Le aziende devono assumere un ruolo di protagoniste nella mente delle persone e, per farlo, devono prendere coscienza e mettere in armonia i diversi punti di vista con cui si osservano e vengono osservate.
La narrazione oggi ha un peso enorme, per tutta una serie di cambiamenti molto profondi a livello sociale, ci troviamo in un contesto in cui si sono affermati dei modelli basati non più su strutture piramidali ma su reti.
Viviamo in una società più liquida e più rarefatta che ha perso le grandi narrazioni, non ci sono più grandi discorsi che fanno presa su un pubblico collettivo, le narrazioni si incrociano, spariscono, ricompaiono in una tessitura ininterrotta che non ha più la dimensione assoluta che aveva qualche decennio fa.
In questo contesto i percorsi narrativi potrebbe aiutarci a ricostruire quei legami, quelle relazioni tra le persone che sono completamente saltate.

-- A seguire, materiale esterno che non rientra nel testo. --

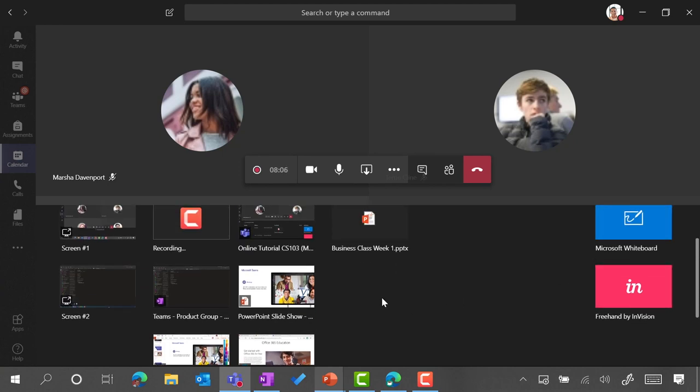Something to be aware of: if you share everything on your desktop, that means people will see a view of all of the apps that are open.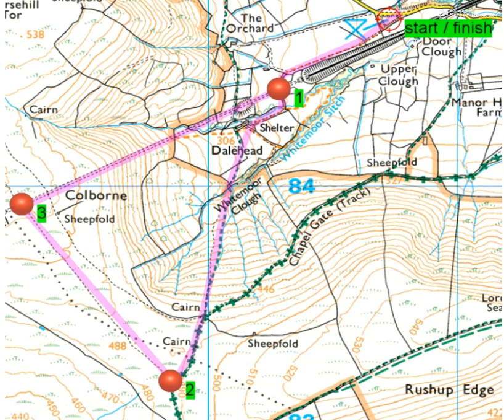Hi, this is Dave from Fell Running Guide. Welcome to another navigation task. The scenario is: your friend has planned a route for you and told you it's fine — it's all on paths and tracks, no problem. But you look at it and something doesn't seem right; something makes you question their map reading skills. So let's have a think about the route they've planned.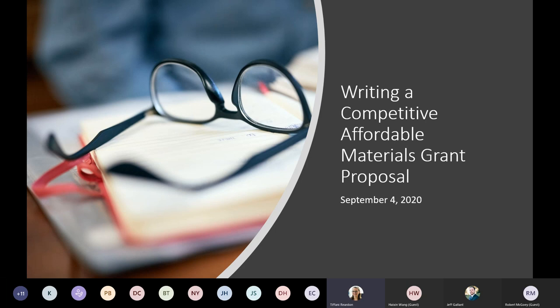Welcome to the Writing Competitive Affordable Materials Grants Proposal webinar. My name is Stephanie Reardon. I am the program manager for Affordable Learning Georgia. In this webinar we're going to go over some of the big changes we've made to our grants programs starting with the current round, Round 18, and some tips for writing a competitive proposal.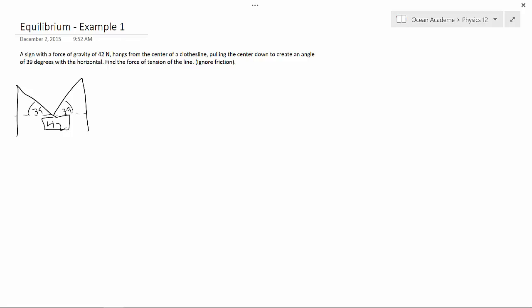Okay, and we want to find the force of tension of the line. Now, they're going to be the same. The force of tension on the left will be the force of tension on the right.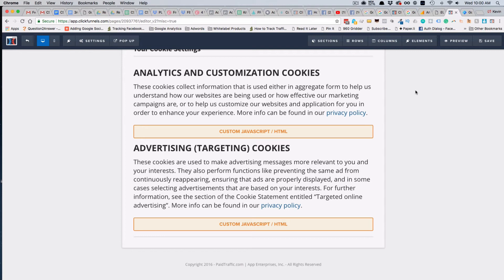Once they've set their settings, they can't really go back to this page because they're not going to see the bar. So in the footer of our pages on this site, we've also included a link to go back to the cookie settings page to update their cookie settings if they ever wanted to do that.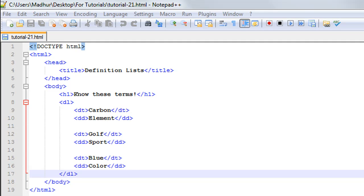Hello guys, welcome to my channel. This is the 21st tutorial in this course. In this tutorial we'll be checking out definition lists in HTML. Definition lists allow you to have terms along with their descriptions as list items.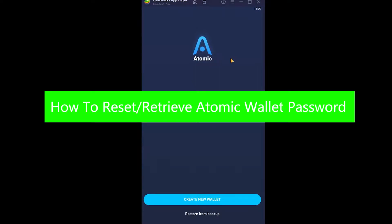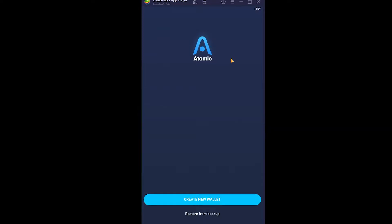You're watching Financial, a YouTube channel for finance videos. In today's video, I'm going to be showing you guys how you can recover your Atomic Wallet account. Atomic is basically a wallet where you can store your crypto, and it's available on the Play Store. Let's say you forgot the password of your Atomic Wallet but you want to recover it again — you're at the right video.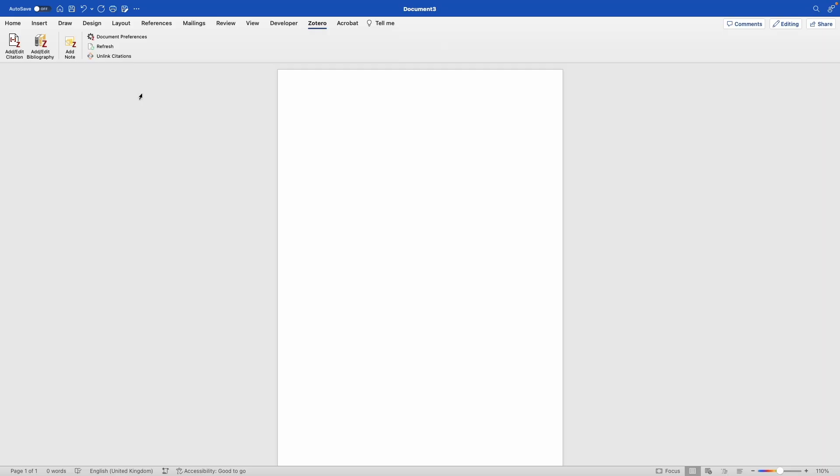In the next video, I'll walk you through the navigation of the Zotero interface, as well as these options that have now become available in your Word document.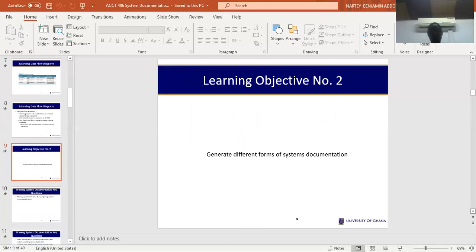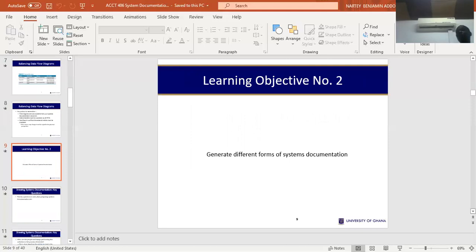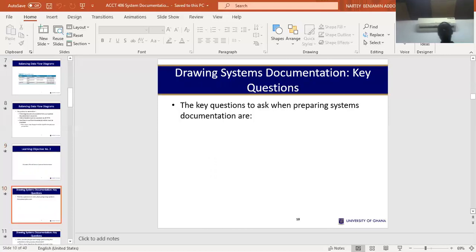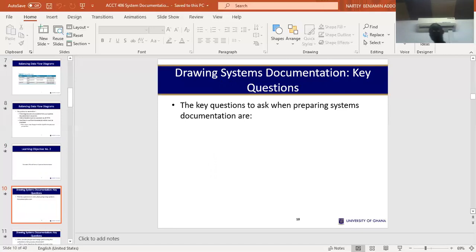For learning objective two, we are going to look at how to draw or generate different system documentation. There are different forms we can generate, but here we are focused on the DFD and on system flowcharts. To generate a system documentation we go through three basic steps, which we can categorize into three major stages.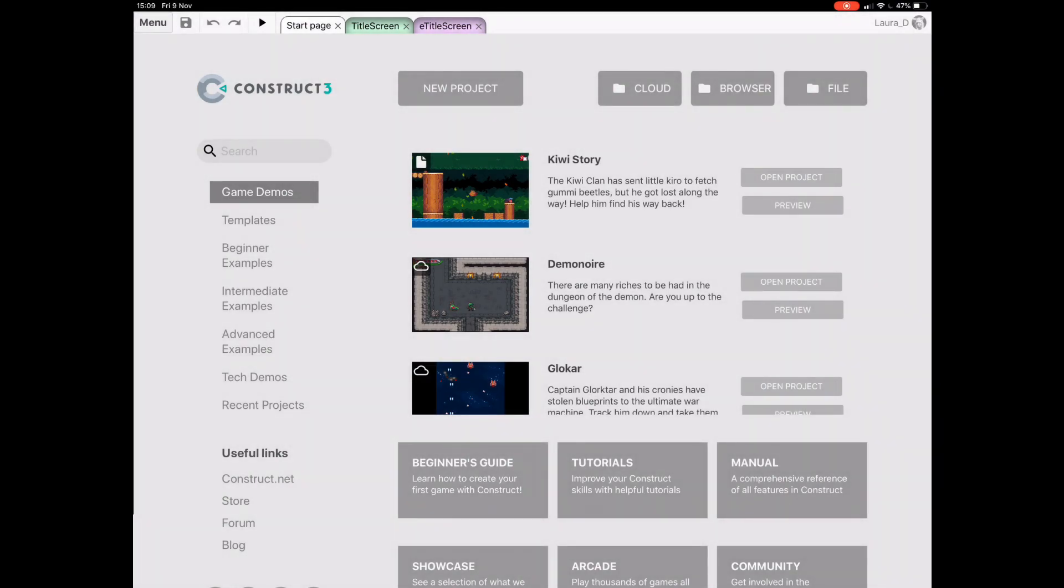Being browser-based means it's really easy to run Construct 3 on a variety of devices. But not all of these devices have a lovely big screen to use, and the desktop view would look a little crammed on a small phone, so we created the mobile UI.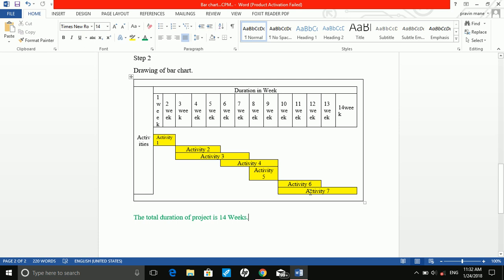Activity 7 is our last activity and it starts when activity 5 completes. We start activity 7 from there and its duration is 5 weeks. We have now plotted all the activities with respect to their durations. The total project duration is 14 weeks.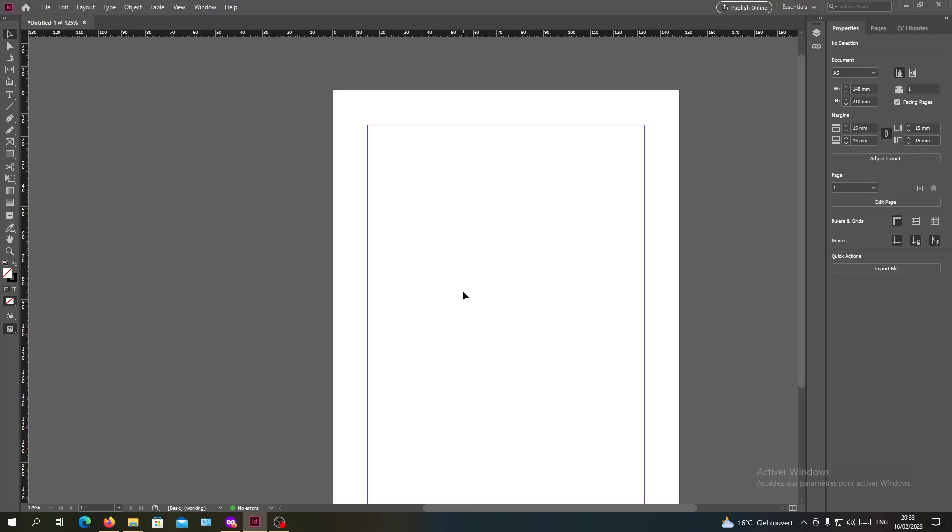Hello guys and welcome to another tutorial. Today I'm going to show you how to align your objects in Adobe InDesign. I need you to open your Adobe InDesign software and follow the simple steps.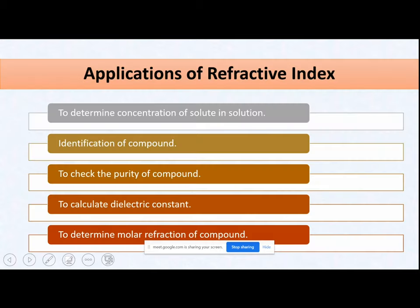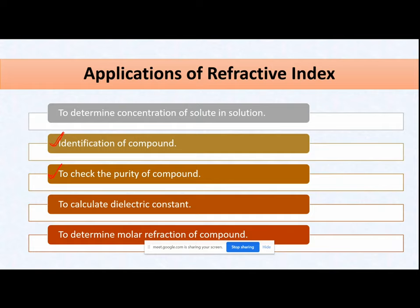The applications of refractive index: you can identify a compound if you know its refractive index. You can check the purity of your compound — because every pure compound has a fixed refractive index, and if any impurity is present, it will show deviation from the standard value. You can determine the concentration of a solute in a solution by checking the refractive index. You can also calculate other physical properties like dielectric constant and molar refraction of the compound using simple formulas if you know the refractive index.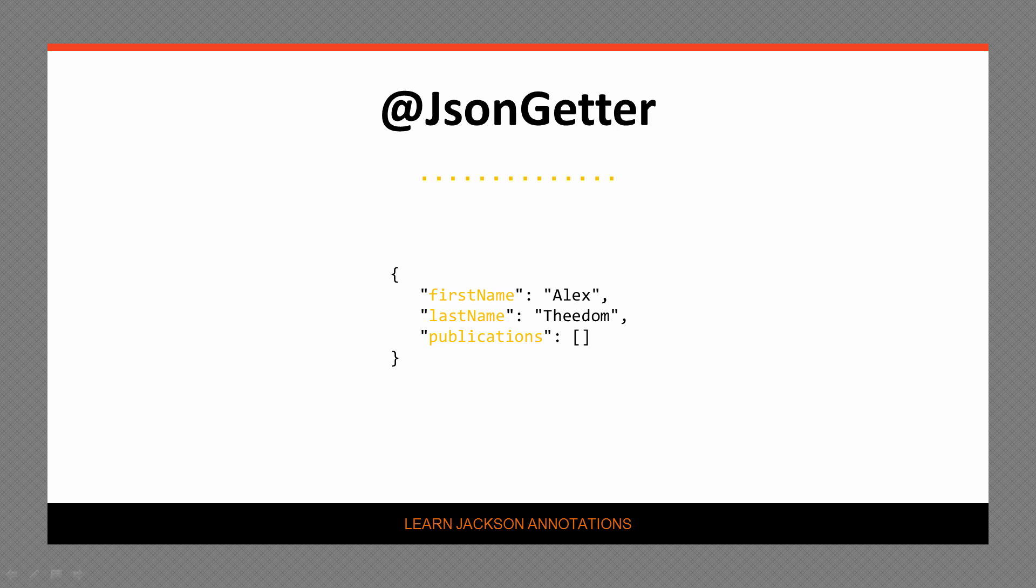One last thing that might be worth noting is that you can have as many methods annotated JSON getter as you need, just ensure that the resulting property names don't conflict.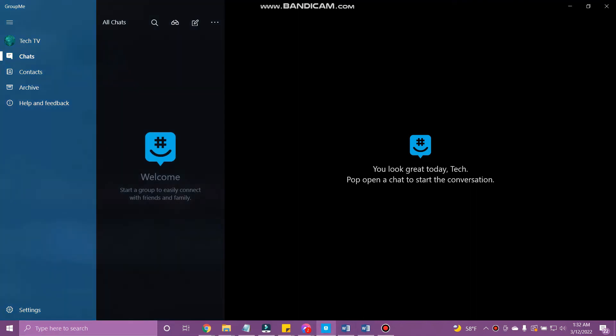Hello, everyone. Welcome back to Tech Helpline. In our channel, we show you how to use various applications and services throughout the internet.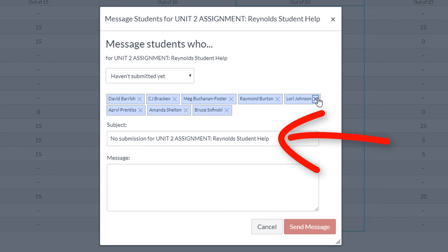You can also manually remove individual students from the message by clicking the X next to their name. Canvas generates a subject line based on the category; however, you can always edit the subject line if needed. Once you're ready, type your message in the message field below, and then click Send Message.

Il video ha il grande vantaggio di unire l’istanza narrante, il rapporto tra le informazione possedute da testo, narratore, personaggi e spettatori, e l’istanza mostrante, il rapporto tra ciò che viene mostrato e ciò che lo spettatore sa: un video che funziona, funziona anche senza audio. È importante dare dignità alle immagini.
Non ha più senso, ormai, realizzare video che raccontano realtà che non esistono, quindi dobbiamo imparare a mostrare delle cose che sono veramente interessanti e creano empatia con chi le guarda. Lo spettatore deve potersi riconoscere nella storia che gli stiamo raccontando in video.
Questo occorre farlo a partire dai reali interessi delle persone, non da quello che siamo abituati a raccontare per edulcorare la realtà e trasmettere messaggi che sono praticamente universalmente applicabili, ma che non raccontano la verità di un’azienda.
Perché deve prepararsi all’avvento di generazioni future che non sono abituate ai testi scritti e sono decisamente più sedotte da contenuti video che da contenuti testuali.
Per le aziende cambierà molto, sarà una bella sfida, quella di spostare degli investimenti che erano stati fatti in alcune aree della comunicazione e portarle in altri canali.
Le nuove generazioni sono molto capaci di produrre contenuti video tecnicamente molto evoluti, ma fanno fatica a lavorare a un progetto articolato, questo apre scenari nel futuro che non siamo in grado, attualmente, di prevedere.
Sarà complesso, per le aziende, scegliere a chi affidarsi e la priorità sarà trovare professionisti che sanno mettere insieme queste diverse competenze in modo nuovo, andando incontro al mercato.